Last updated on October 22, 2017
A few weeks ago I was in a meeting with a team of graduate students with whom I am working on a research project. As we were going over their estimation results, I asked a few questions to make sure that those results were sound.
At some point, I asked: “Are there any generated regressors in those regressions?” Hearing no answer, I looked up and saw a bunch of puzzled faces looking back at me. Before I even began explaining, one of the students alluded to how this would make a good blog post.
Suppose you want to estimate the equation
(1) y = f(x,D) + e
where y is your dependent variable, D is your treatment variable, and x is a control variable. Suppose, however, that you don’t observe x, or you observe it only partially, and you have to generate it by estimating
(2) x = g(w) + u,
and getting \hat{x} so as to estimate
(1′) y = f(\hat{x},D) + e.
For example, observations on x might be missing for a number of respondents, and you might be able to forecast x by using the information in w. Or you might be trying to deal with endogeneity, and equation (2) is the first-stage equation in a 2SLS or a control function setup. Or you might be estimating x structurally from w. There are many possibilities as to why you want to include a generated regressor, or how you obtain such a regressor.
The problem with generated regressors is that because they are estimated from the data, generated regressors have a sampling variance all of their own, and so including them leads to the standard errors from equation (1) that are too small. This means that using generated regressors in equation (1′) and leaving the standard errors “as is” leads to too many type I errors, i.e., they lead to over-rejecting null hypotheses, and to finding significance where there isn’t any.
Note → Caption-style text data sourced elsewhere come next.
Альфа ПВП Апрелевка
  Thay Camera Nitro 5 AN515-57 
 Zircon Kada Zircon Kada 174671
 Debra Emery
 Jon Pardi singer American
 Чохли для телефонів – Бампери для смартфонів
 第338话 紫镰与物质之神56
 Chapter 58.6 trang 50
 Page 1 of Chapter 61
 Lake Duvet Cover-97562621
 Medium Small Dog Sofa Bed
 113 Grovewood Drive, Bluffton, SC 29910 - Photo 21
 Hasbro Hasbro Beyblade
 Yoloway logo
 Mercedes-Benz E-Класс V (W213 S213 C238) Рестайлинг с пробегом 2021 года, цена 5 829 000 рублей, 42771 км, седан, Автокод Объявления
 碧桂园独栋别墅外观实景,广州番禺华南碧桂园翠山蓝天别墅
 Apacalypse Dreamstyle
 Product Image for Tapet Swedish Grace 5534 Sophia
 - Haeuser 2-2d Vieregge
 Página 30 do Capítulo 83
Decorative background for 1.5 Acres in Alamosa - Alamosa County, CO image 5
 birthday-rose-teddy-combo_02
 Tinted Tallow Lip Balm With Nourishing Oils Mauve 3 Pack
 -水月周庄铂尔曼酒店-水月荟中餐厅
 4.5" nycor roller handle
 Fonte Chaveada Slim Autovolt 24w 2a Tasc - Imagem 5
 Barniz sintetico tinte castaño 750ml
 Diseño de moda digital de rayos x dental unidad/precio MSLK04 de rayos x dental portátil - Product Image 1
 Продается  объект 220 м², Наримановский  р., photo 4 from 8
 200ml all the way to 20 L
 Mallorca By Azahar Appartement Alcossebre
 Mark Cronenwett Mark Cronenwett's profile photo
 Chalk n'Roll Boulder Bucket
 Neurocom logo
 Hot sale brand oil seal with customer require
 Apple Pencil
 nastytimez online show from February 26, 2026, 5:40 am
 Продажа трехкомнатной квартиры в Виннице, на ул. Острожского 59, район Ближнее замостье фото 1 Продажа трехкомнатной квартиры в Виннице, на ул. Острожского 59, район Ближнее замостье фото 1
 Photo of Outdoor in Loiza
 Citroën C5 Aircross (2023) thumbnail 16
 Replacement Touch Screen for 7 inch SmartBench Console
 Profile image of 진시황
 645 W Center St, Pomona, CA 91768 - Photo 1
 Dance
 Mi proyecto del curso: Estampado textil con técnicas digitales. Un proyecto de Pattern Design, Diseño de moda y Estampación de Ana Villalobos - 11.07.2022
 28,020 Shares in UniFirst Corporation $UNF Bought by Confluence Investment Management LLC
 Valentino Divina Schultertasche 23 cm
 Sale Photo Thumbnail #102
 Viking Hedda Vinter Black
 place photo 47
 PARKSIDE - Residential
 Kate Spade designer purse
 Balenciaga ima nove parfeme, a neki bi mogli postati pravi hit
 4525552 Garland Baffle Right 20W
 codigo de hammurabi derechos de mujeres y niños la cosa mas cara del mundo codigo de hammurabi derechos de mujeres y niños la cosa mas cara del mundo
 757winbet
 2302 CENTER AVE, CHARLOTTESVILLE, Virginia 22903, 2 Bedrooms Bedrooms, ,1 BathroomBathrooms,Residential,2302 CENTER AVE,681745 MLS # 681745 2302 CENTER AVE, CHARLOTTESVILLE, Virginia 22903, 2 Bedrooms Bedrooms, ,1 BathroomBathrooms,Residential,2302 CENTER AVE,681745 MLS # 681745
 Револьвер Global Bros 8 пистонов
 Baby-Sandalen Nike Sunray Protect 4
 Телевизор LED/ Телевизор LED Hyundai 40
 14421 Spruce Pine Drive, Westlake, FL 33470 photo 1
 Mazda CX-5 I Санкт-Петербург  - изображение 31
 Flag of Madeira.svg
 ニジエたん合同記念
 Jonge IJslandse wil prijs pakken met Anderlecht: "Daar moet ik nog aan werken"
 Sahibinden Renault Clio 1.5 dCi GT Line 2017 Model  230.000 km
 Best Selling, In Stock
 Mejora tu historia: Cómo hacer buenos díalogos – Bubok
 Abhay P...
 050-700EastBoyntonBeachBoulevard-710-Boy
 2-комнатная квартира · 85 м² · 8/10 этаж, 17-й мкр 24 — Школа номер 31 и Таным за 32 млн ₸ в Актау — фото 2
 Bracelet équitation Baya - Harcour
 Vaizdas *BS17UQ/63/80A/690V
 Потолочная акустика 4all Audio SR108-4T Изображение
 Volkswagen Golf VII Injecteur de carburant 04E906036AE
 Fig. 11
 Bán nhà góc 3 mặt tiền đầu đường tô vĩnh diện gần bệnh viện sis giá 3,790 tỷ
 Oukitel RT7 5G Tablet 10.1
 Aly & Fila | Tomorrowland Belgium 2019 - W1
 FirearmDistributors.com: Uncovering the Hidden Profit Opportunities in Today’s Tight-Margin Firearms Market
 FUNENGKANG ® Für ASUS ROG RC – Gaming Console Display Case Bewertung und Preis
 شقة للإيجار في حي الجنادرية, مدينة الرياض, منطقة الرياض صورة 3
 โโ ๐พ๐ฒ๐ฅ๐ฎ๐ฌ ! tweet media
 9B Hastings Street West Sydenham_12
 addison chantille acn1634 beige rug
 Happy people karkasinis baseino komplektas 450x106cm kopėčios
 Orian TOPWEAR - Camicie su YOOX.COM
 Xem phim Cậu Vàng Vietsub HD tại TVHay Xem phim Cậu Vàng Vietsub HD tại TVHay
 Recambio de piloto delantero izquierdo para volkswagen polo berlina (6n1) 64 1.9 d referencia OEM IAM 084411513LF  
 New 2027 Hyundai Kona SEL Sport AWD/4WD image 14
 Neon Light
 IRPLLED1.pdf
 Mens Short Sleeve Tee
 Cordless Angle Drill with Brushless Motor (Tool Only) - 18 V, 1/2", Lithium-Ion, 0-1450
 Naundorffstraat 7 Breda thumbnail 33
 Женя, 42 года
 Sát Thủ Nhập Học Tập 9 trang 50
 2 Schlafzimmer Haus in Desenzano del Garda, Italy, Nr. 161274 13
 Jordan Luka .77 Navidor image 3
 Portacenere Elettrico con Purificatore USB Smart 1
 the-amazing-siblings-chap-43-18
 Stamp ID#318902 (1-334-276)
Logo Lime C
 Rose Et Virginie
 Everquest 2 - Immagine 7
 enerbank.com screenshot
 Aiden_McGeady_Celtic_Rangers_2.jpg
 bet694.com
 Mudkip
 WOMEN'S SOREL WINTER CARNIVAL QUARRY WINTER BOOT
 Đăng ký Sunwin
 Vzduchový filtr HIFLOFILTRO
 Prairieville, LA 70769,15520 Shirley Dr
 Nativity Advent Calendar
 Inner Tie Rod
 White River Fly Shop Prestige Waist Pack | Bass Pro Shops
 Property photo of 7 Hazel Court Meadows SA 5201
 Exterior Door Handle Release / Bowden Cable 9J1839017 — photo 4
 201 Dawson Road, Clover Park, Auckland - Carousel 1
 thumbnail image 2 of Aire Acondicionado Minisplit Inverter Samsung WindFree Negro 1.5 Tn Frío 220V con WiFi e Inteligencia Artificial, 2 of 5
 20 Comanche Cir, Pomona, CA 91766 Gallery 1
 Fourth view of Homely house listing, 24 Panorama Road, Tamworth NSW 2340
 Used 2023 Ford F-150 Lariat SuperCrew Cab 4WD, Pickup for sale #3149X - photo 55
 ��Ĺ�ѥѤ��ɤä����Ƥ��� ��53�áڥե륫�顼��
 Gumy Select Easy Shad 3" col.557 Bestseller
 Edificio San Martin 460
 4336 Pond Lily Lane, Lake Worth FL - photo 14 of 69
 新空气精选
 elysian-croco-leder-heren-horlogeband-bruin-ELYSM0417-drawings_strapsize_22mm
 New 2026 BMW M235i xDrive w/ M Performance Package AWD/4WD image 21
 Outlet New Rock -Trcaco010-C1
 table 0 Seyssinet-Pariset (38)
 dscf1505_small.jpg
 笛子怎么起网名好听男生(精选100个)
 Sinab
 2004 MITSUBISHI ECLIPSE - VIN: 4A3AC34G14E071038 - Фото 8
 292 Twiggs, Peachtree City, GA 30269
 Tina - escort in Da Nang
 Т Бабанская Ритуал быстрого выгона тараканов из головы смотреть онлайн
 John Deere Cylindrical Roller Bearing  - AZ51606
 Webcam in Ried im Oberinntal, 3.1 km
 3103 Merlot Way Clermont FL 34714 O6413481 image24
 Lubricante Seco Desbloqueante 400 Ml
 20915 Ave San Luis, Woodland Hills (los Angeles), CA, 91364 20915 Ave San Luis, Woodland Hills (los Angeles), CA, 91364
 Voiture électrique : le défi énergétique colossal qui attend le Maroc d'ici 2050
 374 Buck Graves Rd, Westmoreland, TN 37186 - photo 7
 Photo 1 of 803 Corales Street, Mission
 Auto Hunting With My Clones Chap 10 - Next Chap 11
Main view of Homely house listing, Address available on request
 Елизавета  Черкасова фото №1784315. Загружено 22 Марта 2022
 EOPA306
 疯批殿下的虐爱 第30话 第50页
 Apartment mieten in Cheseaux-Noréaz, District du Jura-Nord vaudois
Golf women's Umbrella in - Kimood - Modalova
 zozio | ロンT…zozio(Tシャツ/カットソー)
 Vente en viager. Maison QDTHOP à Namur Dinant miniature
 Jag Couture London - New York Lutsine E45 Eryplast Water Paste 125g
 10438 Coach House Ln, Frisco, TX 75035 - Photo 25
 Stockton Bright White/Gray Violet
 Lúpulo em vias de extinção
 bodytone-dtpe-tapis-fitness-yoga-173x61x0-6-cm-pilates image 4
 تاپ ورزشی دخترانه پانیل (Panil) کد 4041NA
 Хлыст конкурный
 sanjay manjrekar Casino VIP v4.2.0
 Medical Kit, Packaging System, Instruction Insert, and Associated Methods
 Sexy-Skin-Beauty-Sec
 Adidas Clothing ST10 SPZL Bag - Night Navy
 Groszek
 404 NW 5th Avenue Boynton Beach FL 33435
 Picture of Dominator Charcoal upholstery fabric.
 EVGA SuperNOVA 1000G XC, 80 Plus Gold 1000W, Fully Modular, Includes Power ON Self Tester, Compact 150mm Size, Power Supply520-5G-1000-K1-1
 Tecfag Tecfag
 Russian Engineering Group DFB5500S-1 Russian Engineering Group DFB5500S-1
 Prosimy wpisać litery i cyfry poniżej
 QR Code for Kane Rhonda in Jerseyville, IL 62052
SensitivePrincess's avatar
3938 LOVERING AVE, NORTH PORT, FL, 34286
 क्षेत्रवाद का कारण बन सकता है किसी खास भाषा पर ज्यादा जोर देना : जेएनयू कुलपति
Though a few methods were developed to obtain the right standard errors when dealing with generated regressors (see, for instance, Murphy and Topel 1985), a commonly accepted and relatively easy way to deal with generated regressors nowadays is to just bootstrap the whole procedure.
Quoth the Maven:
In the example above, you would simply need to write a simple program to bootstrap the procedure defined by both equations (2) and (1′).
When estimating 2SLS with -ivreg-, Stata takes care of the standard error correction all by itself; for many other things, however, it is necessary to correct the standard errors yourself. This is practically always true for things that you code by hand, without relying on a canned command.
Other than Murphy and Topel (1985), the classic paper on generated regressors is by Pagan (1984), and there is also a survey by Oxley and McAleer (1993), but these latter articles seem to be distinctly about the use of generated regressors in macro.